◆ **What to work on**
Restate word for word the entries below, starting at the line with "Sofft Tilton Booties" and ending at the line with "Código de Barras 2460801060982". Keep both end lines and omit the pictures.

◆ **The input**
--------------------------------

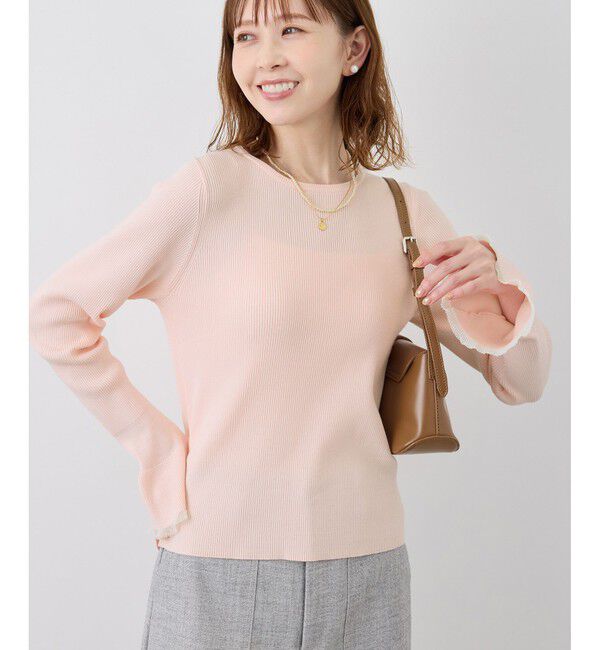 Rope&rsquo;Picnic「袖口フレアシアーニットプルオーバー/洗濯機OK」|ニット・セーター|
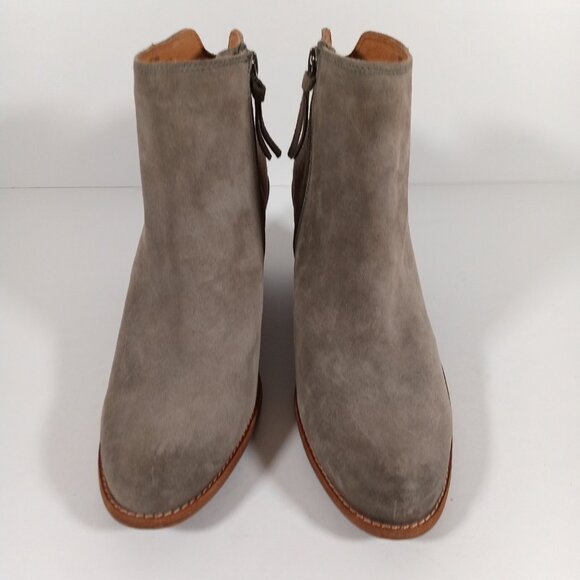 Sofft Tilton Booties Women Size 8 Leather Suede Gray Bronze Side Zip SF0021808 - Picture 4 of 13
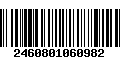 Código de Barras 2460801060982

--------------------------------

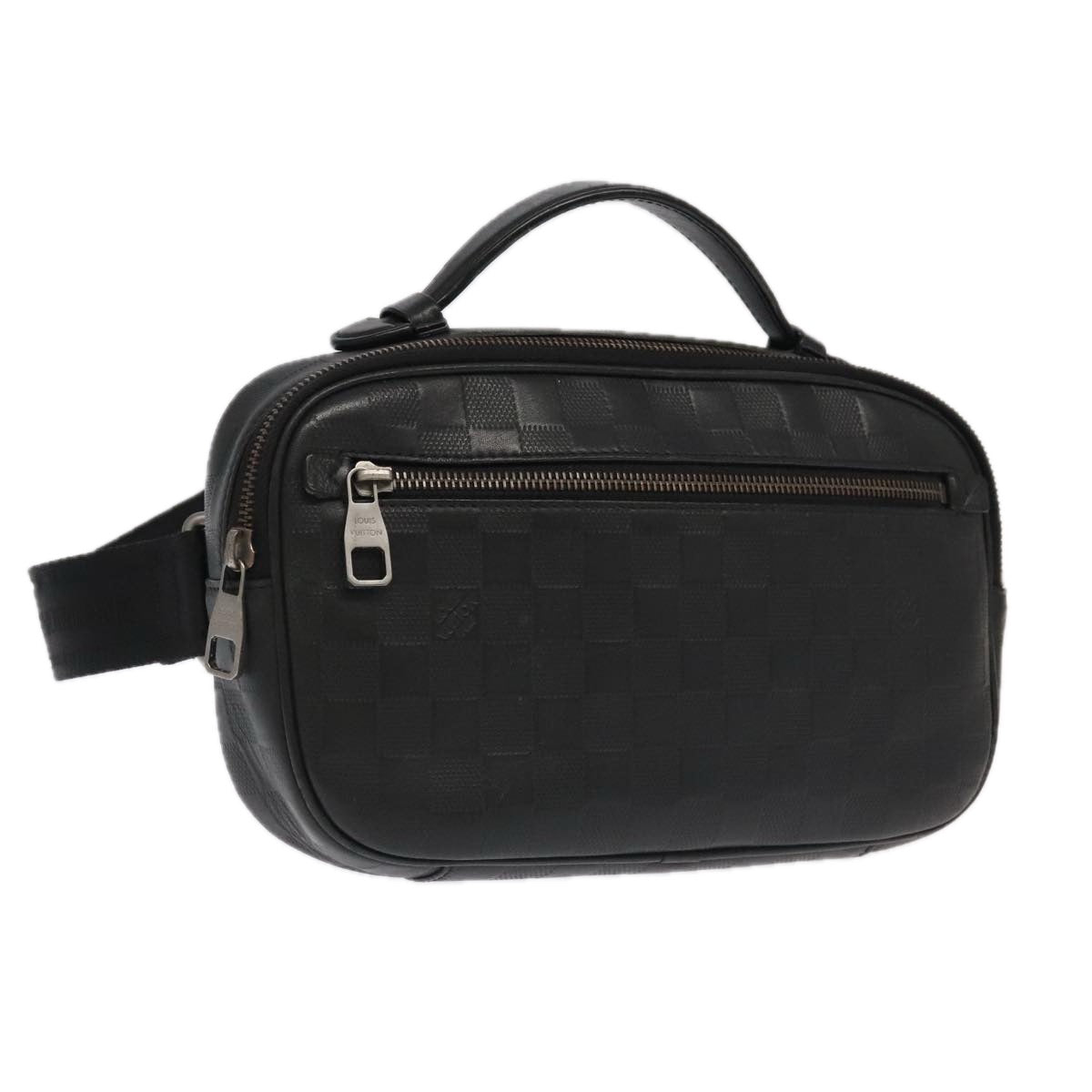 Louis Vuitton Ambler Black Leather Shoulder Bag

--------------------------------

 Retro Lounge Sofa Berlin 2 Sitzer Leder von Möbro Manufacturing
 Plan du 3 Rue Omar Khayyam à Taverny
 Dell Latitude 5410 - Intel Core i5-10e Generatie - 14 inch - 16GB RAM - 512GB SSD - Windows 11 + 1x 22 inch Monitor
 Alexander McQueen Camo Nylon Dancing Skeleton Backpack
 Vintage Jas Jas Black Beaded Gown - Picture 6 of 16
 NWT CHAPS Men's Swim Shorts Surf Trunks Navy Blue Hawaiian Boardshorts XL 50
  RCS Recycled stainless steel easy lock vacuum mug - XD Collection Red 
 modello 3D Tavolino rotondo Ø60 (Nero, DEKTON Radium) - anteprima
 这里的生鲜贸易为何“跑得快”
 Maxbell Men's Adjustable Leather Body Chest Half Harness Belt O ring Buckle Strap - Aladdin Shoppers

--------------------------------

◆ **Output**
 Sofft Tilton Booties Women Size 8 Leather Suede Gray Bronze Side Zip SF0021808 - Picture 4 of 13
 Código de Barras 2460801060982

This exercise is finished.